Trip takes students from empires to totalitarian regimes and back

Newman students study abroad visiting many places in Europe by rail

L-r: Students Meghan Jost, Adelita Aldava, Randyn Wertz, Megan Lowe, and Jacob Somes at the Schonbrun Palace in Vienna.

This summer five Newman students learned about the elegance and breadth of what was the Austro-Hungarian Empire, as well as the oppression and horror of former Nazi and communist regimes, as participants in “Europe by Rail,” a three-week tour of western and eastern Europe led by Associate Professor of History Kelly McFall, Ph.D.

The trip began in Vienna, Austria, and progressed through Hungary, the Czech Republic, eastern Germany, and the Netherlands before concluding in London. In addition to helping students understand the history and culture of Europe in the 20th and 21st centuries, McFall said the trip was designed to show students the ways different cultures interact.
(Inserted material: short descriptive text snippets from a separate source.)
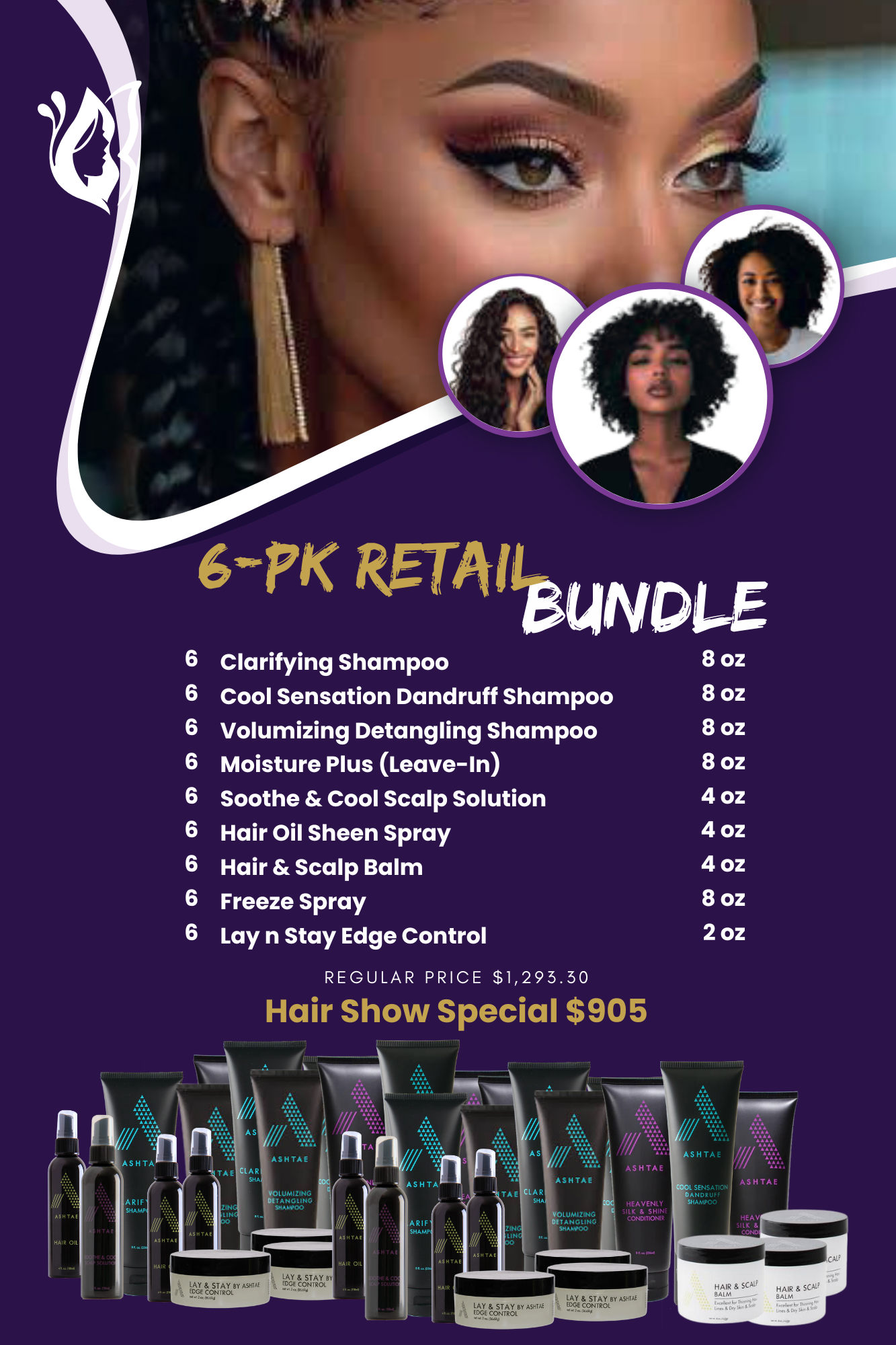 6-Pack Retail Startup Bundle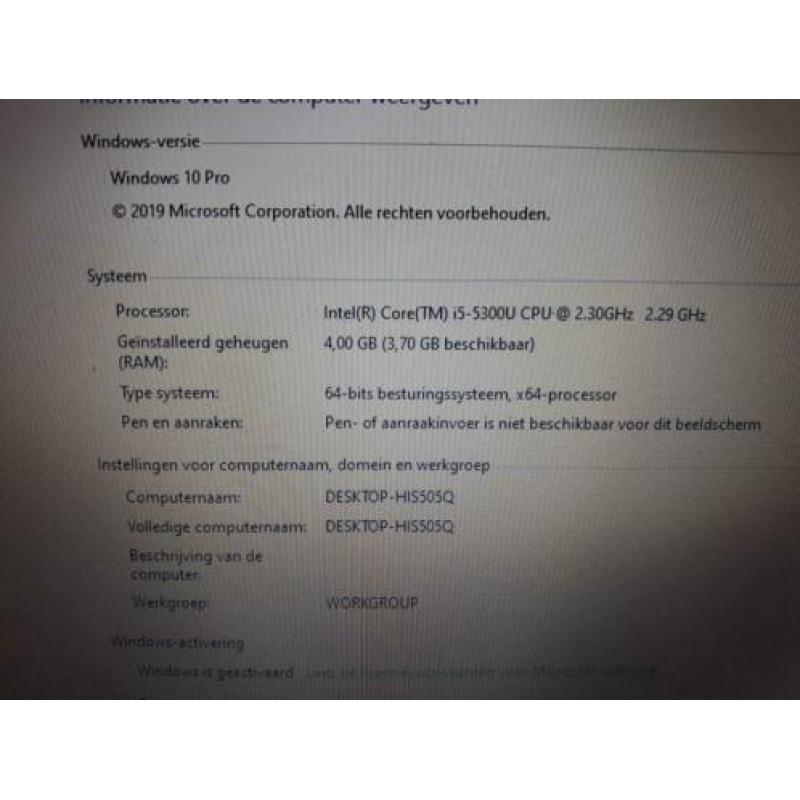 Lenovo Thinkpad X250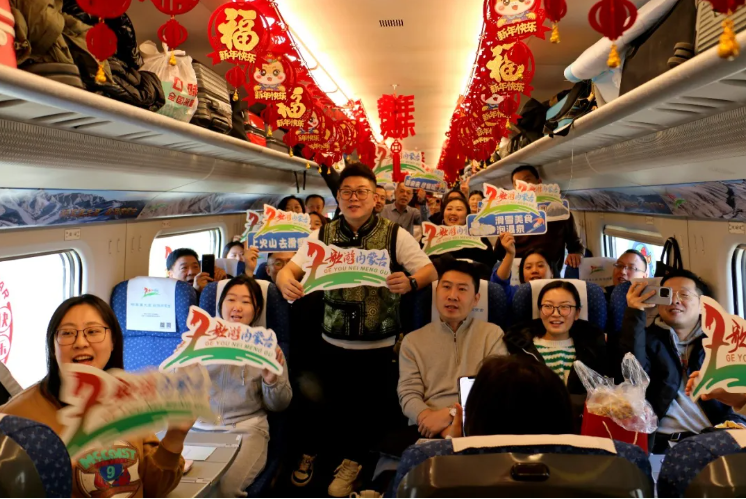 锦绣中华 前途无限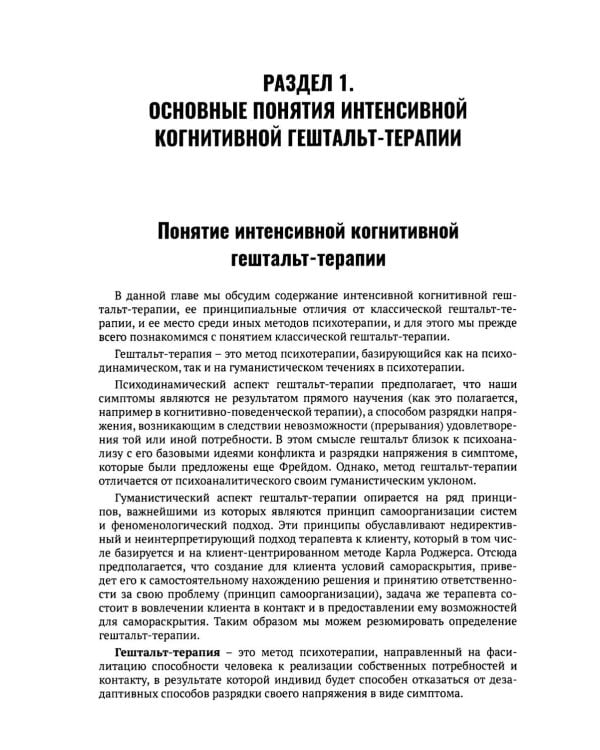 Гештальт-терапия, фокусированная на эмоциях. Протокол интенсивной когнитивной гештальт-терапии: Учебное пособие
Melk, a city in europe visited by Newman students on their Europe by rail study abroad trip
A European cathedral
A detailed tile roof in europe

“The route I chose was very intentional,” he said. “I wanted to hit cities on both sides of what had been the Iron Curtain to show students the contrasts, as well as the similarities.”

McFall noted how the long-term influence of the Habsburgs could be seen in the art and architecture of Austria, the Czech Republic and Hungary. The students noticed it too, although they were equally struck by the evidence of communism and the fight for freedom of people in eastern Europe, as documented in Prague’s Museum of Communism.

“I think it has helped my understanding of the countries that we have visited and why they are the way they are,” wrote Meghan Jost, who along with McFall and fellow student Megan Lowe kept a blog during the trip. “I also found it interesting to look at footage of the riots that happened in the late eighties right before the fall of Communism. It made it all more real to me to be able to see pictures of events that happened around the time I was born and made me realize that for countries like the Czech Republic and Hungary democracy is a fairly new concept.”

McFall said students were also moved by the Buchenwald concentration camp in Weimar, Germany, and the Jewish Museum in Prague. At a lunch stop following the museum visit, the students were full of questions.

“I had planned several things to do after lunch, but the students kept asking me about Jewish history,” he said. “That happens a lot – the students drive the learning. I just have a conversation with them.”

McFall, who lived in Vienna and has traveled extensively in Europe, noted that while many things about the continent will always be the same, some aspects have changed since his last visit in 2000.

“The differences between eastern and western Europe are going away,” he said. “In a subway station in Budapest, there is a large map of the city that shows the location of 25 McDonald’s. You would not have seen that 10 years ago. London and Amsterdam didn’t change, but the east did.”

The students did as well. McFall said one of his goals was to show students that they can learn how to manage a different culture on their own.

“It’s a real personal growth experience learning that you can navigate an unfamiliar city by yourself,” he said. “To me those kinds of things are what Newman is about – helping people understand their world so they can transform it. Traveling overseas makes the students different people.”

The students agree.

“One of the things I learned from this trip was simply how big this world really is,” Lowe said. “Billions of people inhabit this earth and have lives so different from our American ones. I don’t believe you have truly lived until you have been to a different continent.”